Raven with wav files

KiboOst · November 27, 2020, 9:03pm

Anyone could enlight me on what is raven vad_sensitivity parameter ?

With snowboy or snips wakeword, on exact same hardward and environment, I can tell wakeword normally at five meter. With raven I have to speak loud to few centimeters.

Have check mic levels etc can’t get it to work nice. Didn’t find anything in the doc for vad_sensitivity

PS : strange, in doc there is this regarding silence detection:
vad_mode is the sensitivity of speech detection (3 is the least sensitive)

I’ve tried VAD Sensitivity to 2 in raven settings, and now I can talk lo and far from the mic !!! I previously tested 0.5 and couldn’t trigger the wakeword at all. So I guess the higher vad, the MORE sensitive right ??

rolyan_trauts · November 28, 2020, 10:26am

If its the standard webrtcvad api then the vad sensitivity is how aggressive the filter is to voice (0-3)

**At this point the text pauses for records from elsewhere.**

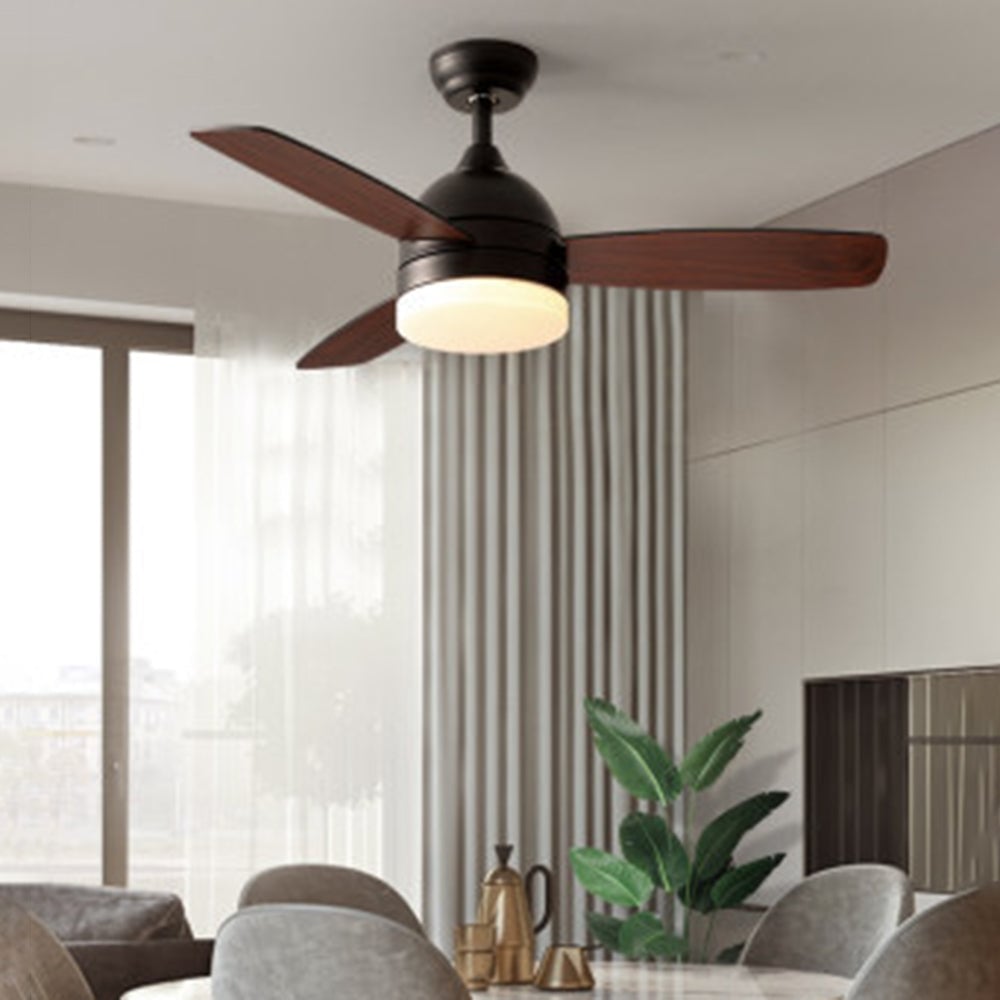 Haydn 3-Blatt-Deckenventilator mit Beleuchtung, Metall & Holz, 2 Farbe, ∅107CM - Lumpaz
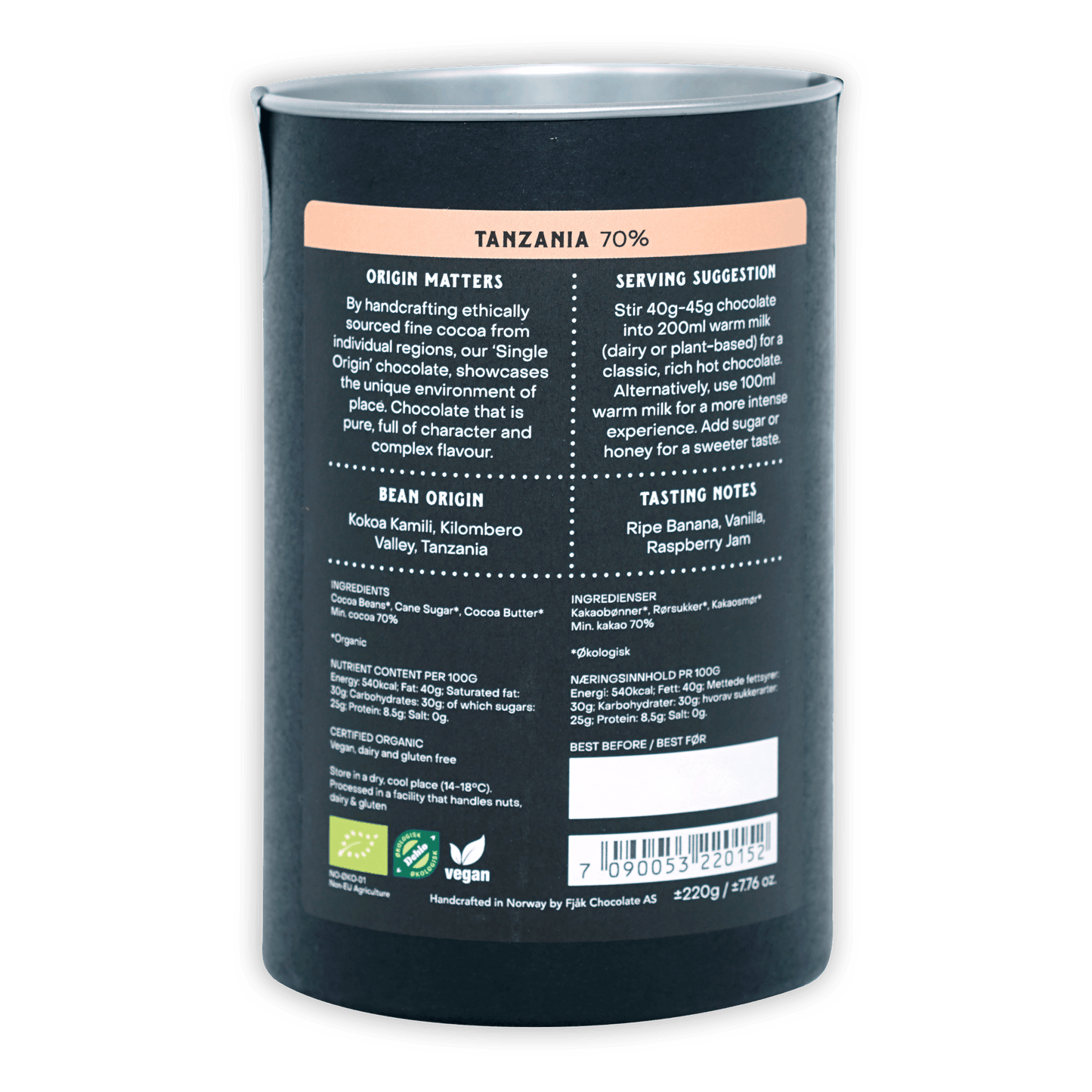 Fjåk Drinking Chocolate Dark Tanzania 70% dark gray cylindrical container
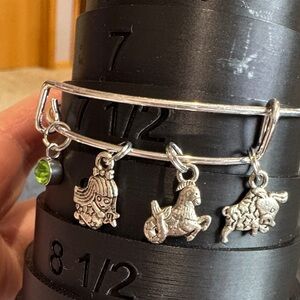 Silver Charm Bracelet with Green Accent
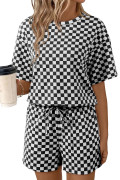 Black See What Happens Checkered Top and Short Set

Optionally, set its aggressiveness mode, which is an integer between 0 and 3. 0 is the least aggressive about filtering out non-speech, 3 is the most aggressive. (You can also set the mode when you create the VAD, e.g. vad = webrtcvad.Vad(3)):

vad.set_mode(1)

So higher aggressiveness means its more likely to detect silence so maybe it was just running and not stopping?
Maybe its not implemented the same?

Many KWS have there own audio processing & MFCC routines and some do normalisation & pre-emphasis, some don’t prob because of load.
If it hasn’t just use the alsa speex plugin for AGC

Will have to ask @fastjack if normalisation / pre-emphasis happens with raven?

fastjack · November 28, 2020, 10:37am

From memory, no normalization of the audio signal. Only pre-amphasis.

The extracted features should be normalized inside the detection window though.

KiboOst · November 28, 2020, 4:59pm

Not sure if it is just in log but:

HotwordDetected(model_id=’/profiles/fr/raven/bibi/example-0.wav’, model_version=’’, model_type=‘personal’, current_sensitivity=0.41, site_id='studio

the raven probability_threshold is 0.41 but the raven/keywords/bibi one is actually 0.43 …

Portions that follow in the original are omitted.